1.1 Definitions
Definition 1.1 (Sample space) A sample space, often denoted by \(S\), is the set of all possible outcomes of a random trial or experiment.
Definition 1.2 (Random) An event is random if its outcome is uncertain, and is (at least partially) due to chance.
Definition 1.3 (Variable) A variable changes its value from situation to situation, or from realisation to realisation. That is, the value varies.
Example 1.1 (Variables; sample space) The country in which people were born is a variable; it varies from person to person.
The sample space is rather large, but we could use this more restricted sample space: \[ S = \{ \text{Australia}, \text{UK}, \text{China}, \text{Canada}, \text{Elsewhere}\}. \]
Definition 1.4 (Random variable) A random variable (often written as ) is a ‘rule’ associating a number with each outcome in a sample space \(S\).
Mathematically: a rv is a function whose domain is the sample space \(S\), and whose range is a set of real numbers.
Example 1.2 (Random variables) We could (arbitrarily) define a rv, say \(C\), such that \[ C = \left\{ \begin{array}{lr} 1 & \text{for Australia}\\ 2 & \text{for UK}\\ 3 & \text{for China}\\ 4 & \text{for Canada}\\ 5 & \text{for elsewhere} \end{array} \right. \]

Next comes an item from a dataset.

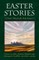 Easter Stories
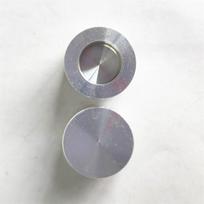 Cam Chain Tensioner For Kawasaki Vulcan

A rv is often denoted by a capital letter (for example, \(X\)), and lower case letters used (for example, \(x\)) for the value that the rv takes.
So \(\Pr(X=x)\) means “the probability that the rv \(X\) takes a particular value \(x\).”
Sometimes, we just write \(x\) for both when there is no ambiguity.
Example 1.3 (Random variables) Suppose we are examing delicate light bulbs, and keep trying them until we find one that fails.
The rv \(X\) can be defined as ‘the number of bulbs we try until we find one that fails.’
The sample space is \(S = \{1, 2, 3, \dots\}\). Notice that there’s no upper limit in theory.
If we write \(\Pr(X > 4)\), this means ‘the probability that more than four trials are needed to find a bulb that fails.’
Example 1.4 (Random variables) The heights of adult Australian females in centimetres is a random variable, say \(H\).